Dans ce pays tout peut changer sauf l'Emir du Koweït et les droits de l'homme ne suivent pas revendications des gens.
Sans aucun doute, lorsque le cheikh de la tribu Bani Khaled a construit la forteresse de Kut, il ne pensait pas que cet endroit sec et désertique, deviendrait le Koweït actuel qui est devenu une réserve d'armes et de denrées américaines.
Le Koweït avec 3400000 habitants au nord ouest du Golfe persique, ressemble plus aujourd'hui à un fort élevé contre l'éveil islamique.
Il y a cinquante ans, les Anglais ont donné le pouvoir à la famille des Ale Sabah qui avec les autres émirs arabes, ont méprisé et opprimé leur peuple comme nous l'avons vu lors de l'attaque de Saddam contre ce pays. Aujourd'hui, ce pays est célèbre pour ses injustices et la corruption des organismes gouvernementaux dirigés par la famille royale.
De nombreuses manifestations pacifiques ont été organisées par des groupes qui représentent 50% de la population et qui sont privés de tout statut social. Ces gens dont les passeports ont été confisqués, travaillent dans des conditions très difficiles pour un salaire de misère.
Ahmad Al Sarafi, journaliste et écrivain koweitien, a écrit que cette situation était le résultat des infractions des deux pouvoirs, législatif et exécutif, qui négligent les droits des citoyens koweitiens et des travailleurs immigrés.
Dernièrement le journal Koweitien Rai Al Aam, dans un article intitulé "Les droits de l'homme au Koweït et la Constitution", a présenté une liste de violations des droits de l'homme dans ce pays, comme l'arrestation des immigrés et des manifestants, l'absence de liberté d'expression et de manifestation, la mauvaise situation des lieux de culte des non musulmans, la situation des droits des femmes, les tortures et les problèmes dans certaines professions.
La pauvreté, les injustices, les écarts sociaux sont monnaie courante dans les pays arabes et sont le résultat de la corruption financière qui existe à tous les niveaux du pouvoir.

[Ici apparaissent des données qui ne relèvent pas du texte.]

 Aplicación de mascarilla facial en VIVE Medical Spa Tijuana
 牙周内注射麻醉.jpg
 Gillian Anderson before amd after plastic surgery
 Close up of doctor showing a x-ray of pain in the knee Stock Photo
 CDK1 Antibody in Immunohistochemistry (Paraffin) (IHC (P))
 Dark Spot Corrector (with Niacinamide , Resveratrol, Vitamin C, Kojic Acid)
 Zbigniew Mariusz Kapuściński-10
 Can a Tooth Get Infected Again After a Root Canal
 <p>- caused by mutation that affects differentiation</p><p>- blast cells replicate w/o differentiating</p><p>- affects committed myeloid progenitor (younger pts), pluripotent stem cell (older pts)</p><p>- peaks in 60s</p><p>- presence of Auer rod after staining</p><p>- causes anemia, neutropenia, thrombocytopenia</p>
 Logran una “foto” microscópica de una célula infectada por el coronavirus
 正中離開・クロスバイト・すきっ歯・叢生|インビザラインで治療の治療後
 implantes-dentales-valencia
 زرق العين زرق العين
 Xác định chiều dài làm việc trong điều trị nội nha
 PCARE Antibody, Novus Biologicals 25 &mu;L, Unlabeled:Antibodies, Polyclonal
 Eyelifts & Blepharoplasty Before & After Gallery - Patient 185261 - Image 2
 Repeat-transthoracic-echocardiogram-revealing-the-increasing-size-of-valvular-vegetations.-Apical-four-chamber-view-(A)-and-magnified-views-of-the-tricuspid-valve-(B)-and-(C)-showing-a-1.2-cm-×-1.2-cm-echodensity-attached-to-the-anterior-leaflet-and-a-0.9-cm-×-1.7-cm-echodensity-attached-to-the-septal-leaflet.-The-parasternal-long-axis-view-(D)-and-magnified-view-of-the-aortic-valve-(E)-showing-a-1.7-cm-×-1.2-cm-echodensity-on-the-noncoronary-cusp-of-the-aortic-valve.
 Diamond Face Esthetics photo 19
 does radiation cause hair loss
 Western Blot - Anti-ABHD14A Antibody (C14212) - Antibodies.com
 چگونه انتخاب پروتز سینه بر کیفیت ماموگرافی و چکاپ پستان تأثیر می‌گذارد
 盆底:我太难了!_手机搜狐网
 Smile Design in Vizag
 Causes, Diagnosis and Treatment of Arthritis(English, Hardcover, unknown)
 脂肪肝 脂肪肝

L'Emir du Koweït après les mouvements d'éveil islamique, a lancé quelques actions puisant dans les revenus pétroliers, pour répondre aux besoins, et levé certains impôts et charges. Il a même décidé de verser des aides aux familles des militaires sans tenir compte du fait que la corruption économique empêchait de telles mesures. La crise était telle que Salem Abdoul Aziz Ale Sabah, membre de la famille royale, qui dirigeait depuis près de 25 ans, la banque centrale, a démissionné suite à cette série de décisions extravagantes et aux dépenses en hausse du gouvernement.